La Tomba di Virgilio a Napoli

Si tratta di un colombario di epoca augustea con base cubica e volta a botte. Presenta tre aperture; originariamente l’ingresso principale era opposto all’attuale. All’interno vi sono 10 nicchie, disposte simmetricamente a coppie di tre sulle pareti chiuse e di 2 su quelle con le aperture, destinate a raccogliere, oltre alle spoglie del poeta – di cui non si sa con certezza se effettivamente riposino qui o altrove – anche quelle delle persone a lui più care. All’esterno vi sono due lapidi, di cui una fatta apporre da re Alfonso d’Aragona che recita: Fermati passeggero e leggi queste poche cose: qui c’è Virgilio, questo è il suo tumulo. Nell’anno del Signore 1455, sotto il regno di Alfonso signore nel nome di Gesù Nostro Signore, Re delle Due Sicilie. Nell’altra iscrizione, datata al 1558 e qui collocata dai Canonici Regolari Lateranensi della chiesa di Piedigrotta si dice: Quali ceneri? Queste sono le rovine di un sepolcro, vi è seppellito colui che un tempo cantò pascoli, campi e condottieri.

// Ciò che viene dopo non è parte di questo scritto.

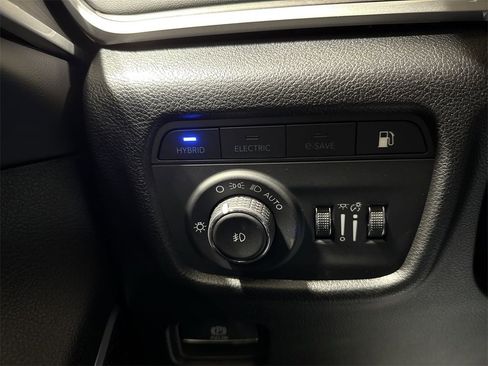 New 2025 Jeep Grand Cherokee Limited 4xe image 15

Il sepolcro fu oggetto di visita e ammirazione nel corso dei secoli di uomini illustri quali Seneca, Petrarca Boccaccio, Goethe, Saint-Non e del popolo. Nella Cronaca di Parthenope, del XIV secolo, espressione e riflesso della tradizione popolare, numerosi sono i poteri magici attribuiti al mantovano e i prodigi da lui compiuti. Oltre all’edificazione della Crypta in poche ore, come già detto, si riteneva che Virgilio avesse realizzato le terme dei Campi Flegrei e di Baia.

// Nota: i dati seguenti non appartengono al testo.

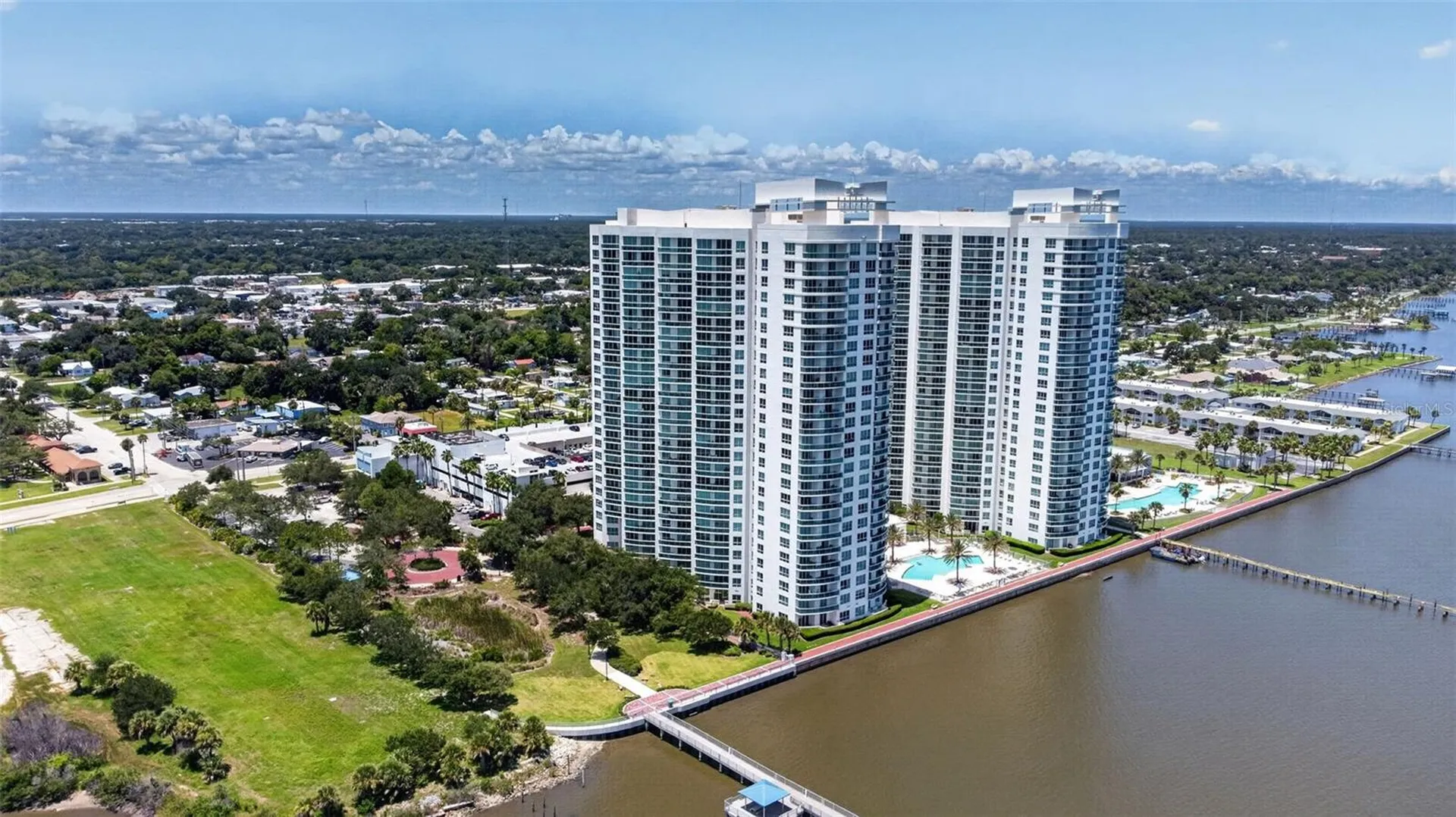 231 Riverside Drive Holly Hill FL 32117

Corrado di Querfurt in una lettera scritta ad Arnaldo da Lucca nel 1194 afferma che Virgilio aveva fondato la città di Napoli cingendola di mura e fatto prodigi numerosi per preservare la città da tanti mali.

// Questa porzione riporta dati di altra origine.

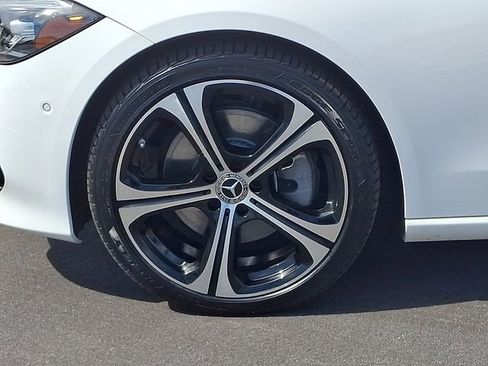 Used 2023 Mercedes-Benz C 300 Sedan image 8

La nascita della figura di Virgilio mago può, presumibilmente, ricondursi all’importanza che le sue opere ebbero nel corso dei secoli in quanto ritenute compendio di tutto il sapere, ed in particolare questa credenza si lega al canto della Sibilla Cumana, IV ecloga del VI libro dell’Eneide, le cui arti divinatorie furono trasferite alla figura del poeta.